In the 1990s, sf writer Neal Stephenson wrote some notes on the computing scene (linux-Microsoft culture wars were in the air, & I regret getting so caught up in that back then). I think this related to his novel Cryptonomicon. The links to those notes have disappeared AFAIK, but the part I’ve saved and quote below has been copied by a few others as well.

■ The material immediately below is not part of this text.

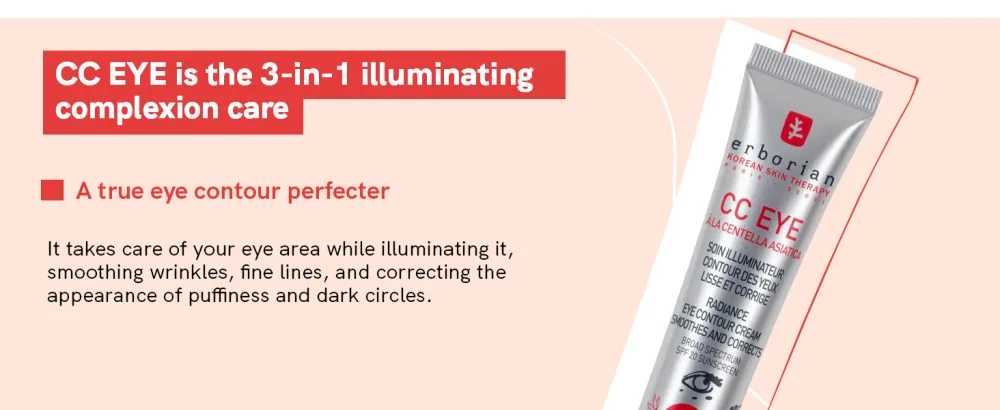 Erborian - CC Eye Cream with Centella Asiatica - Illuminating Moisturizing and Correcting Tinted Eye Cream SPF 20 - Smoothes and Corrects Dark Circles - 10 ml Clair - Erborian - CC eye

This imagines God sitting at a unix terminal running the “universe” program with different physics constants to see what kinds of universes are created. The context for this is the discussion as to whether our universe is a product of Intelligent Design in some form, or a random accident — and the recent discovery that even slight variations in these constants would produce a universe in which life was not possible. Quoting just the central paragraph because I think it’s so good:
I think that the message is very clear here: somewhere outside of and beyond our universe is an operating system, coded up over incalculable spans of time by some kind of hacker-demiurge. The cosmic operating system uses a command-line interface. It runs on something like a teletype, with lots of noise and heat; punched-out bits flutter down into its hopper like drifting stars. The demiurge sits at his teletype, pounding out one command line after another, specifying the values of fundamental constants of physics:
universe -G 6.672e-11 -e 1.602e-19 -h 6.626e-34 -protonmass 1.673e-27....

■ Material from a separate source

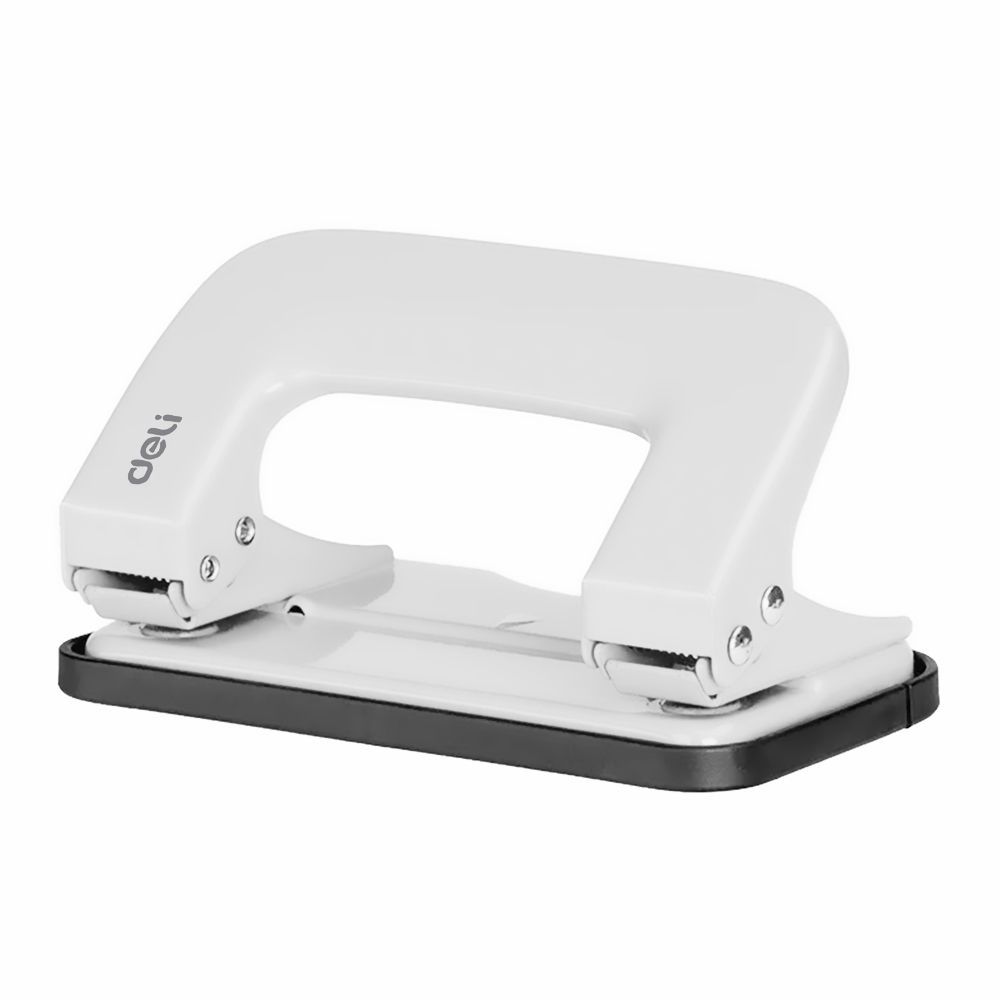 Deli Metal Hole Punch Machine With Lock, 5.5mm Hole Size, 12mm Depth, 80mm Gap, 10 Sheet Limit, Small, White, E0136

and when he’s finished typing out the command line, his right pinky hesitates above the ENTER key for an aeon or two, wondering what’s going to happen; then down it comes–and the WHACK you hear is another Big Bang.
I had forgotten about this until I watched today’s Bahá’í Faith — Modern Perspectives talk by Kendal Williams on the Sifter of Dust site — now on Youtube. He was talking about the compatibility of scientific and religious worldviews.
P.S. A more recent article on the friendliness of the structure of the universe for life is on The Atlantic as “Where Science and Miracles Meet” (porous paywall). But I think this field is still Early Days in our understanding.